L’ultimo intervento si riferisce all’introduzione di “correttivi congiunturali individuali”: riguarda i soggetti non congrui che presentano una riduzione dei ricavi/compensi dichiarati nel 2009. In questo caso, i coefficienti congiunturali strutturali e territoriali dovrebbe permettere di cogliere il grado di crisi registrato dal singolo soggetto.

I nuovi correttivi approvati troveranno concreta applicazione sulle dichiarazioni da presentare nel 2010 e il riscontro del loro corretto funzionamento si avrà con la versione aggiornata del software Gerico 2010.

Confartigianato, nel sottolineare la necessità dell’intervento, ricorda che solo attraverso la raccolta dei dati relativi ai bilanci 2009, a cui hanno massicciamente partecipato le strutture territoriali, la Sose ha potuto avere un riscontro diretto della crisi sulle micro e piccole imprese e, pertanto, calibrare l’intervento.

La prova del nove della bontà degli interventi si avrà solo in sede di dichiarazione dei redditi.

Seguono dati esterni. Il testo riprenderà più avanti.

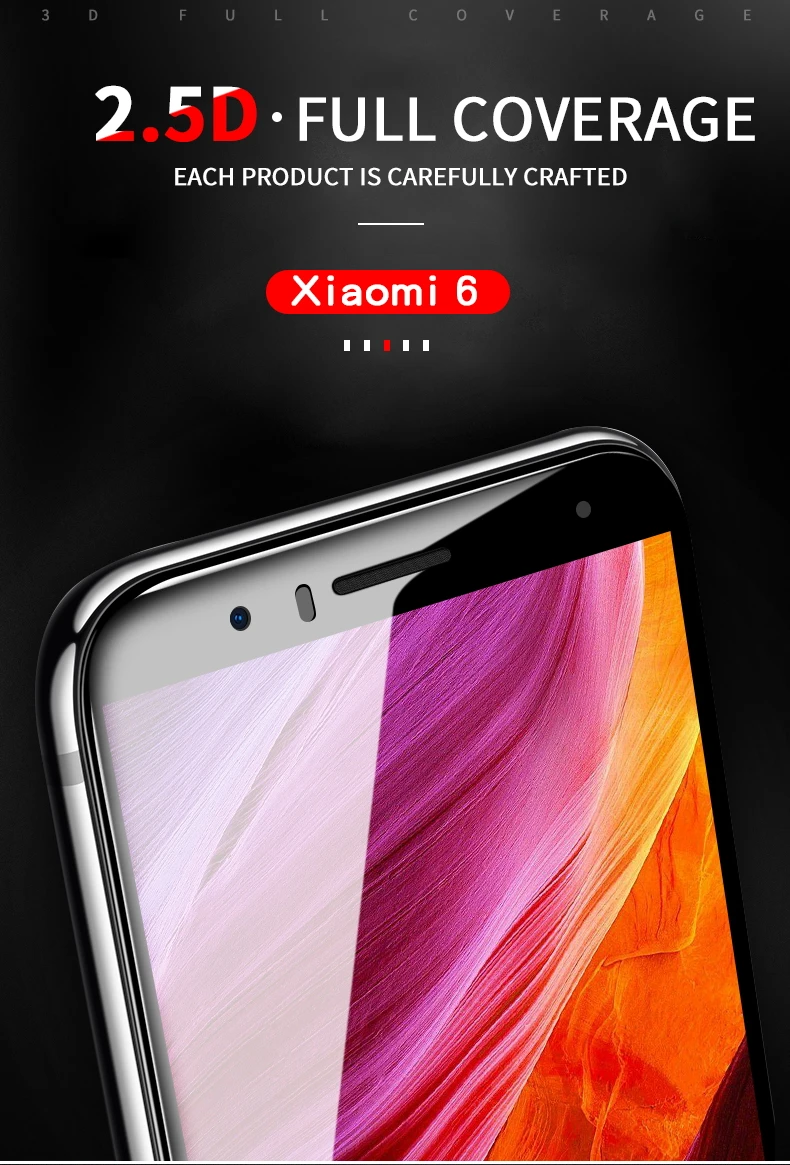 GEOHOT 9H 2.5D полное покрытие закаленное стекло для xiaomi mi 6 mi 6 m6 Защита экрана для xiaomi mi6 m6 mi 6 защитное стекло пленка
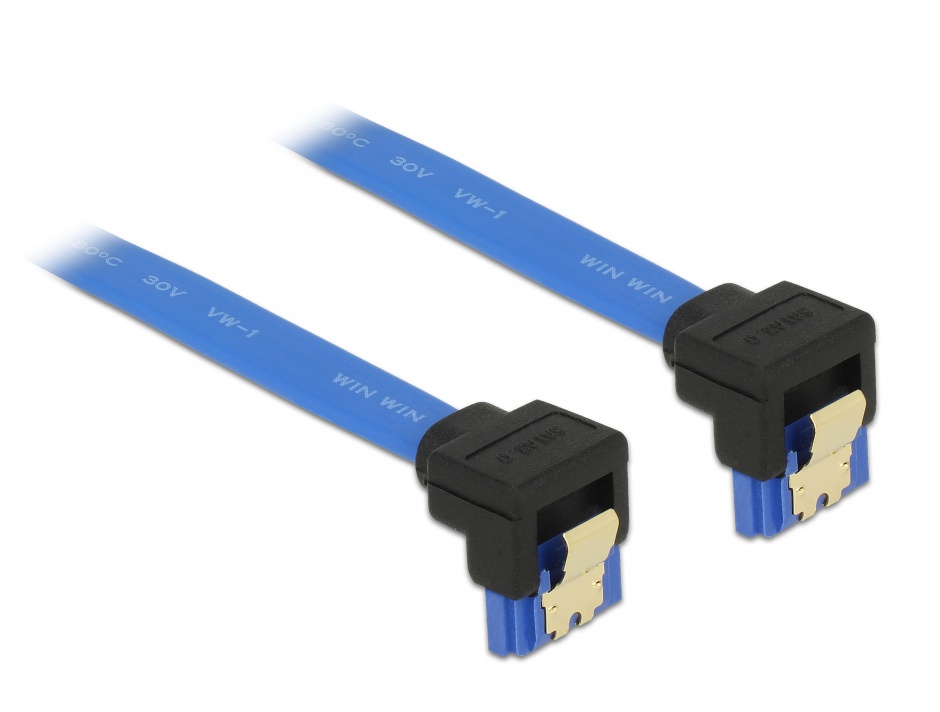Imagine Cablu SATA III 6 Gb/s unghi jos/jos Bleu 10cm, Delock 85094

A questo proposito la Direzione Politiche fiscali di Confartigianato sollecita le Associazioni a segnalare le criticità che emergeranno per poter svolgere un efficace intervento nei confronti dell’Agenzia delle Entrate finalizzato al riconoscimento delle problematiche stesse.

Solo un attento monitoraggio potrà permettere, inoltre, di intervenire al fine di evitare che l’Agenzia inviti al contraddittorio contribuenti non correttamente colti dagli studi.